Ramps that allowed options to elevators and escalators are also recommended (thanks to my CD11 Transportation Advisory Committee co-chair Matthew Hetz, who uses transit every day and is all too aware that mechanical devices break down periodically), and an artistic investment to establish LAX-iconic lighted pillars at the newly-approved People Mover/Metro station at 96th/Aviation was also urged.
And ... oh, yes ... the committee strongly urged naming the new Metro station/People Mover connection at 96th/Aviation "LAX Transit Center" or at least something that has the term "LAX" in it, because that's where the LAX access point for tourists and commuters will be from a regional perspective.
Yet there's another station adjacent to the 96th/Aviation station that is already in the process of being built: the Century/Aviation station, which was to be the original access point but which now is relegated to a second, critical aspect of this Crenshaw/LAX Metro and LAX APM scheme: jobs, jobs, JOBS!

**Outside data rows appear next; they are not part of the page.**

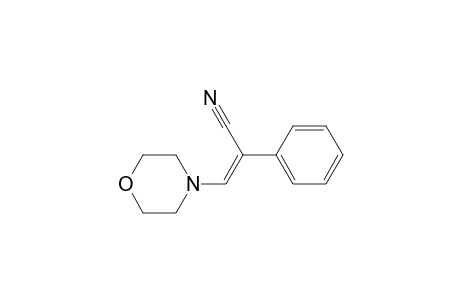 (Z)-3-(4-morpholinyl)-2-phenyl-2-propenenitrile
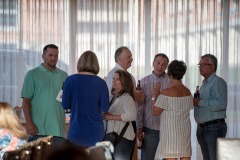 The folks from Pinkerton Tobacco have their kickoff dinner at the Osteria Pronto restaurant at the JW Mariott Indianapolis on May 27th 2017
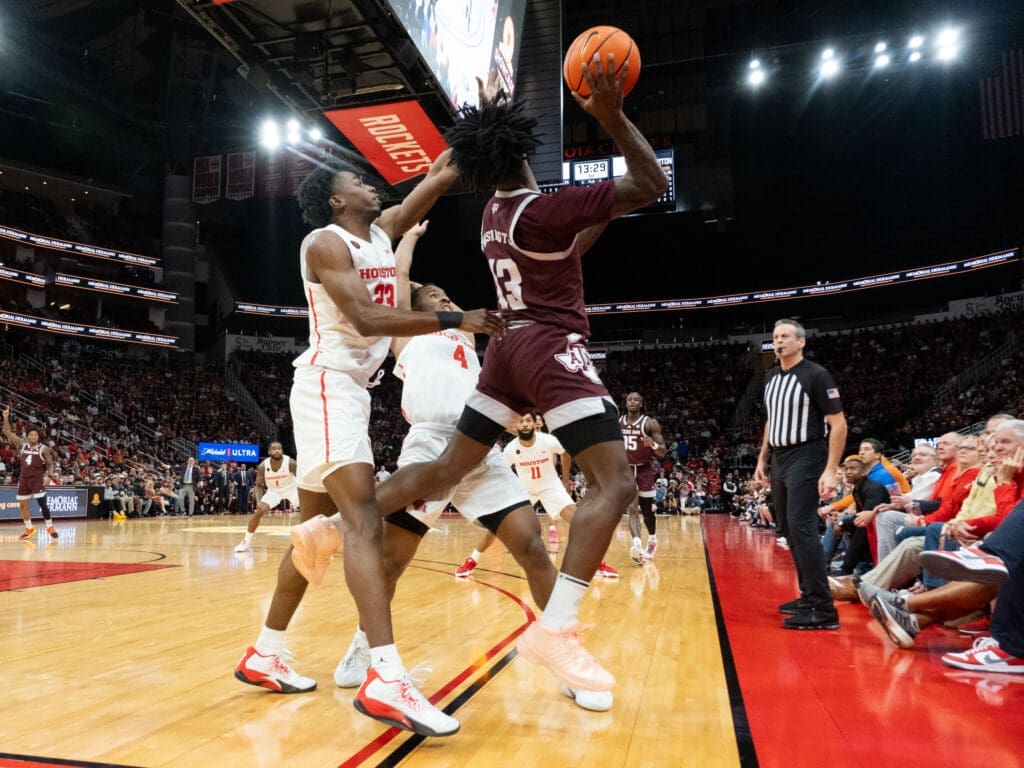 University of Houston wing Terrance Arceneaux is a future defensive force. (Photo by F. Carter Smith)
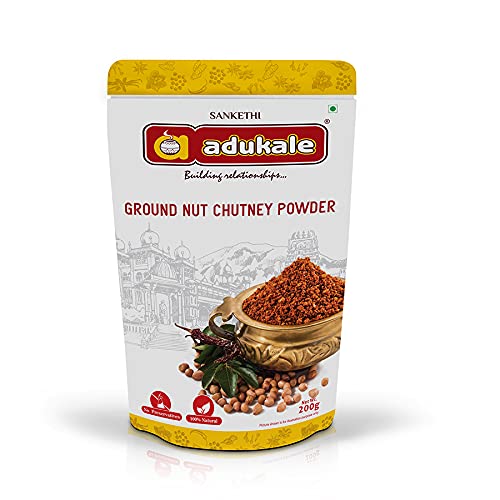 Shop Groundnut Chutney Powder by Adukale 200 gms online at best prices on The State Plate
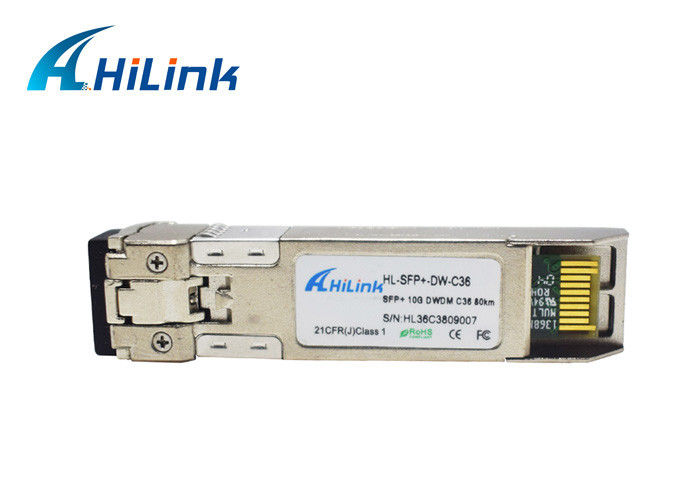 dubbele LC DDM Sfp Optische Zendontvanger 10 van 10G SFP+ DWDM Gbase - Zr DWDM CH17~CH61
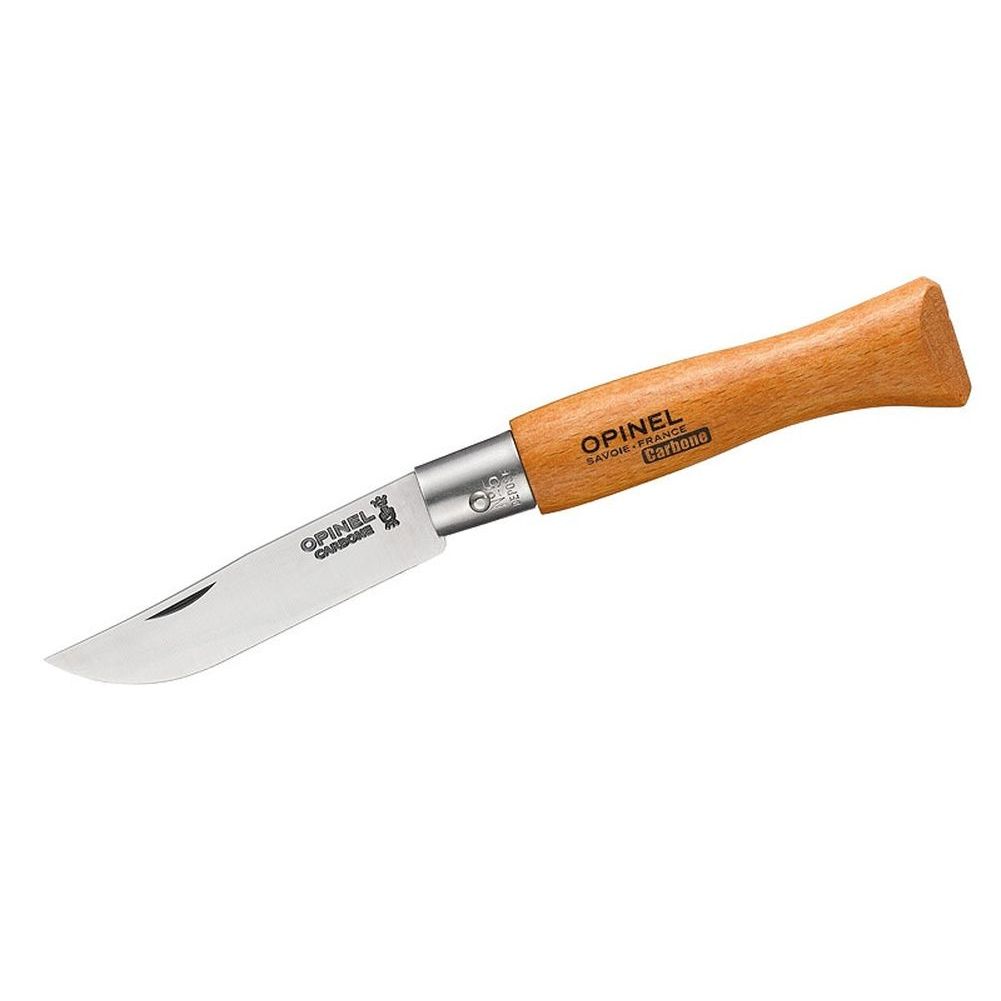 Opinel Mini Messer XC90 Kohlenstoffstahl Klinge Heft lackiertem Hartholz Größe 5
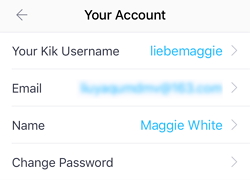 can you change your kik username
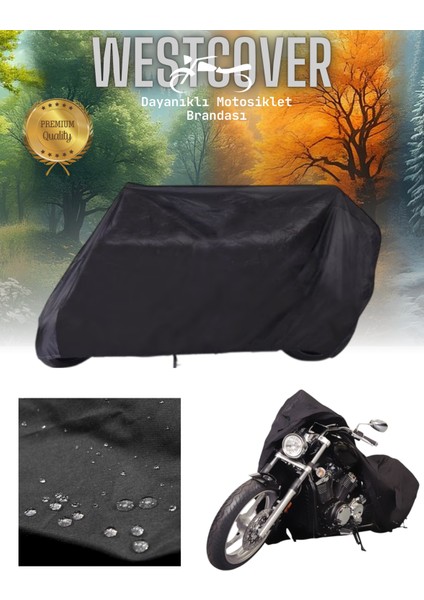 Kymco Like 50 Uyumlu Siyah Motorsiklet Brandası, Motor Örtüsü WEST01-SIYAH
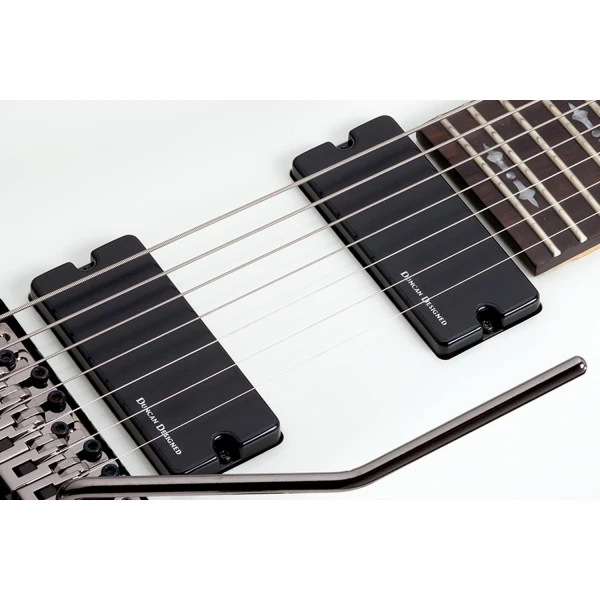 Schecter Demon 7 FR - Vintage White - Image 6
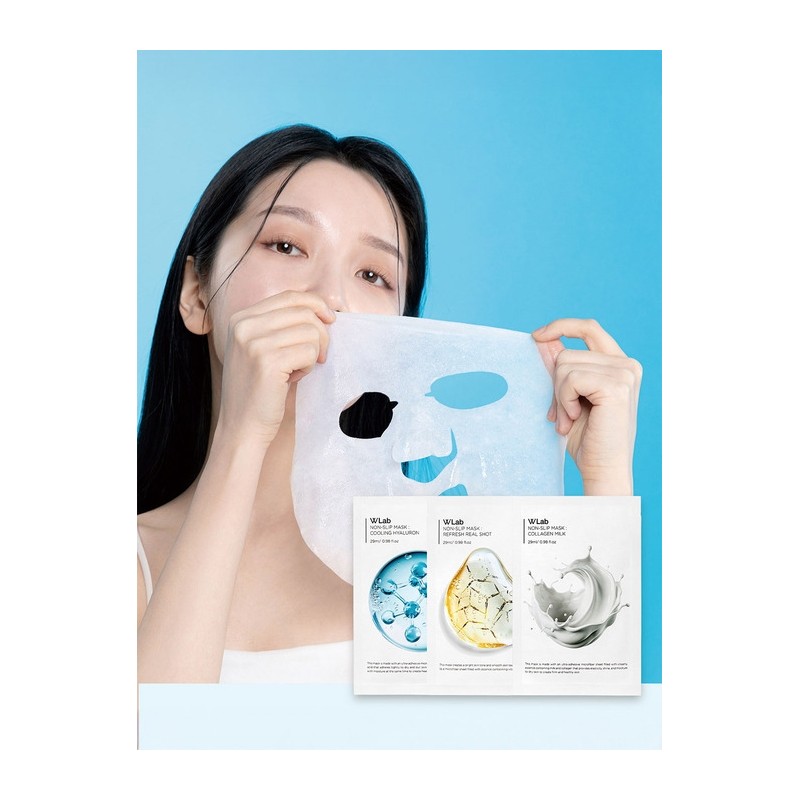 [15 sheets] Non-slip mask custom collection (3 boxes mix) /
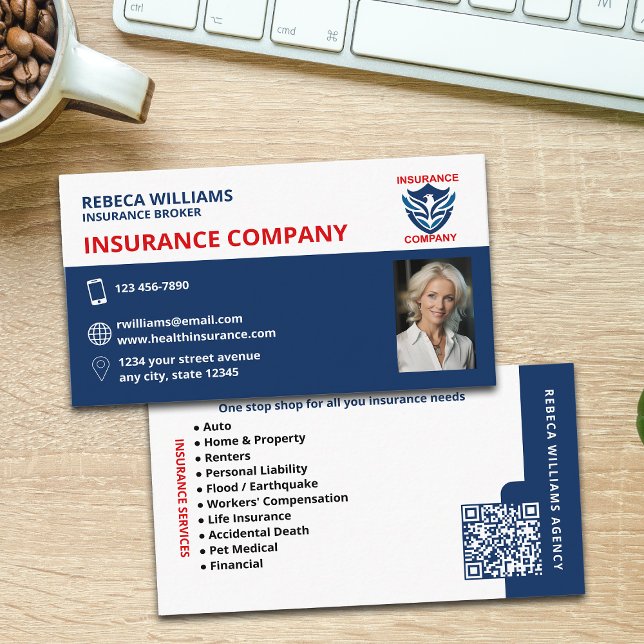 Insurance Agent / Company Visitkort (Skapare uppladdad)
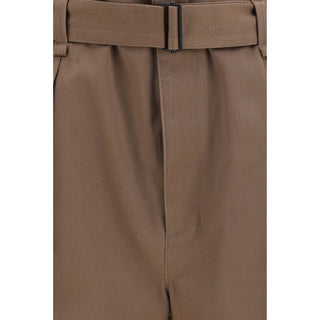 Lemaire Brown Polyester Casual Pants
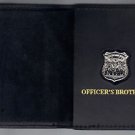 NYPD-Style-Officer's Brother Mini Wallet (with Cut-Out Letters Mini)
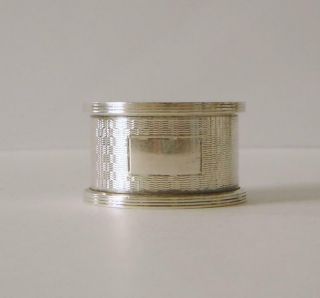 A Vintage Sterling Silver Napkin Ring Birmingham 1947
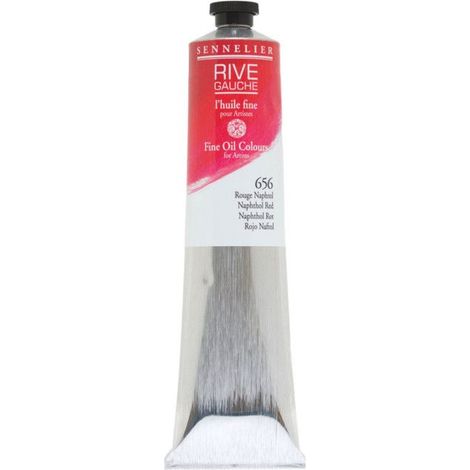 Peinture à l'huile - Sennelier - Rive Gauche - 200ml - Rouge Naphthol - Finition satinée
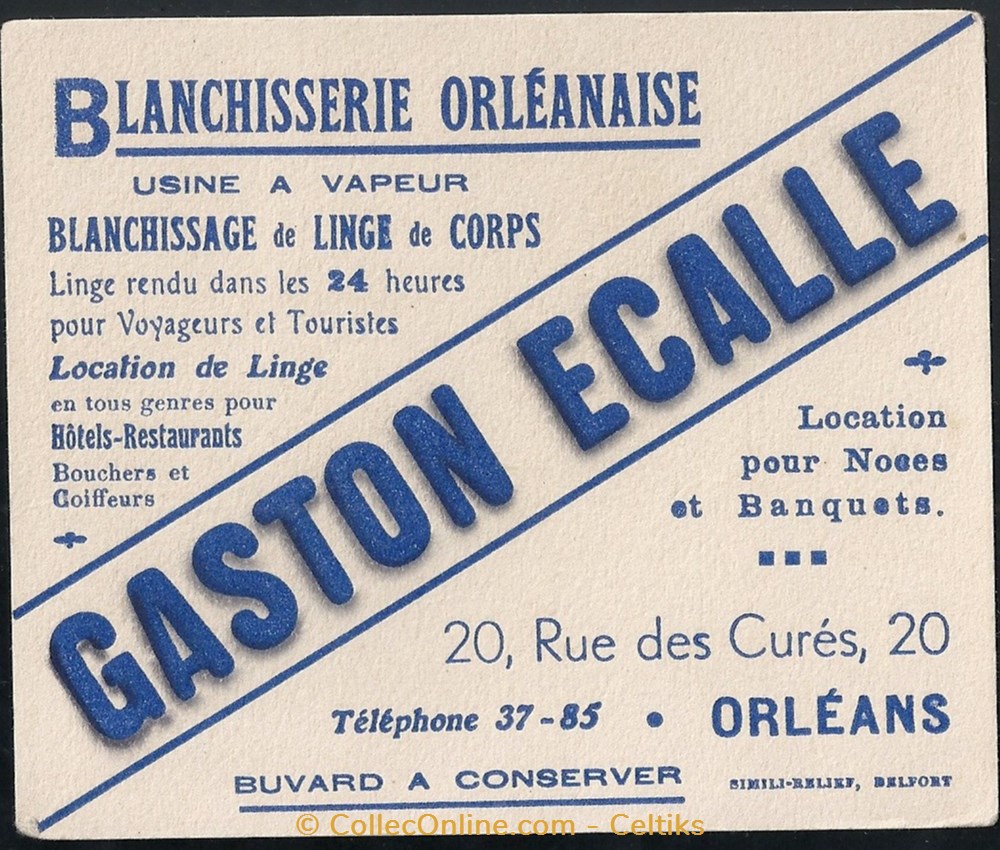 buvard - lessive objets publicitaires buvards buvard lessive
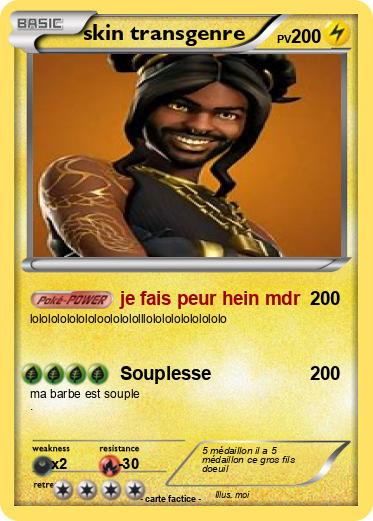 Pokemon skin transgenre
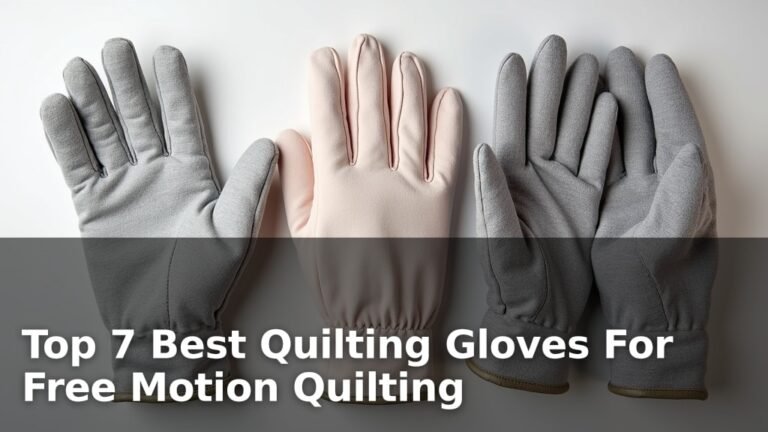 Top 7 Best Quilting Gloves For Free Motion Quilting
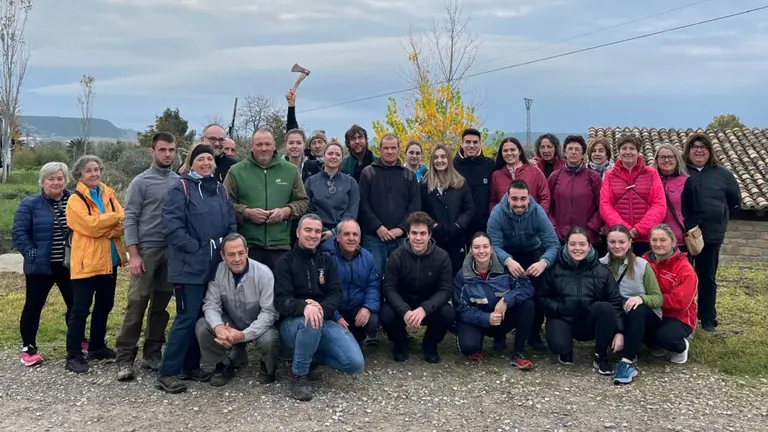 Voluntarios limpian el entorno del r&iacute;o Arag&oacute;n en Murillo el Fruto. - AYUNTAMIENTO DE MURILLO EL FRUTO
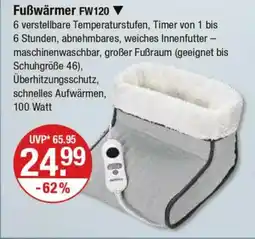 V Markt MEDISANA Fußwärmer FW120 Angebot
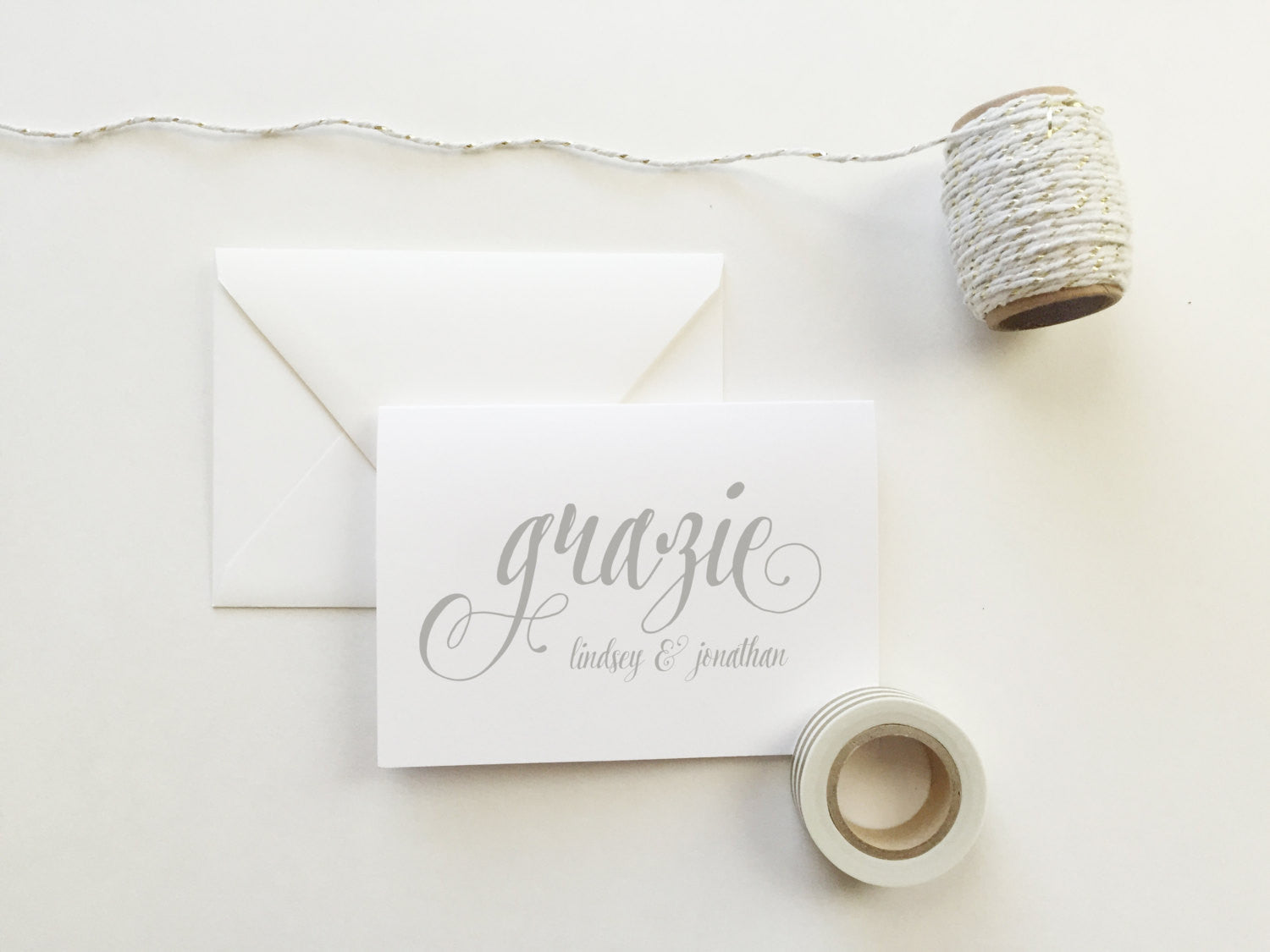 Grazie Wedding Thank You Cards (set of 10)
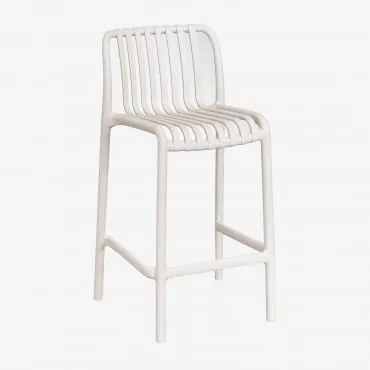 Stapelbare Hoge Kruk Van Polypropyleen Wendell ↑65 Cm & Tapioca Beige - Sklum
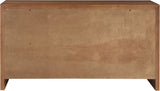 Fairfax Dresser - Modern Art Deco Design with Fluted Drawers and Matte Metal Handles for Elegance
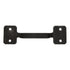 Acorn Mfg Forged Iron Smooth Square Pull 4" Ctr. Cabinet Pull Matte Black APGBP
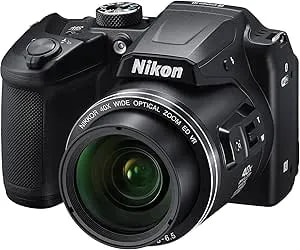 Nikon Coolpix b500 Wi-Fi Digital Camera (Black) - (Renewed)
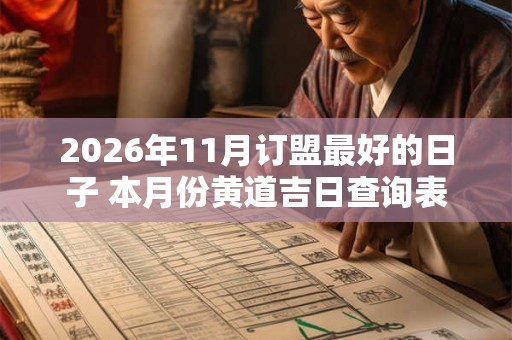 2026年11月订盟最好的日子 本月份黄道吉日查询表 2026年11月订盟最好的日子 本月份黄道吉日查询表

It's no secret that the Century Blvd. Corridor is a huge hotel/industrial jobs center, and even the airlines themselves offer a small army of workers employment within the terminals (lost in this LAX/Metro Connector discussion is that those who work at/near LAX will likely be the #1 group of commuters who use the Crenshaw/LAX line). LAX is within the top ten job centers of Los Angeles.
Yet nearby Inglewood is also gearing up with respect to job creation and economic revitalization. LA World Airports made it very clear that any airport-owned property at/near the future CONRAC center at Manchester Square would absolutely NOT allow residential development, so air quality and environmental issues will be minimized from a health perspective.
This lack of environmental obstacles means that industrial and commercial centers can be built aplenty along Century Blvd. (which, after Downtown LA and Wilshire Blvd., is a potential third "downtown" that can serve as a magnet to tourists and industry. Hotels can grow and be rebuilt, and will likely develop their own transportation links to the APM.
Furthermore, the notion of a large mall to serve the northern adjacent region of Century Blvd. to attract further economic and job growth is also an exciting idea which deserves exploration and investment.
Airports throughout the nation and world perform a secondary function of sales and commerce to commuters waiting for their planes, and needing something quick to eat or purchase while on the go, and both LAX and the adjacent region are ripe for this associated job creation (and, of course, additions to the City/County coffers from sales taxes).
Which is why the failure of the City of Los Angeles to host the 2024 Olympics will not prevent the Metro/LAX rail connection and associated APM construction--rebuilding LAX also means rebuilding and upgrading Century Blvd. hotels and businesses, and with its own rail station at Century/Aviation, the City of Los Angeles will have a new commercial center for those who want to travel, work, stay, play...and shop.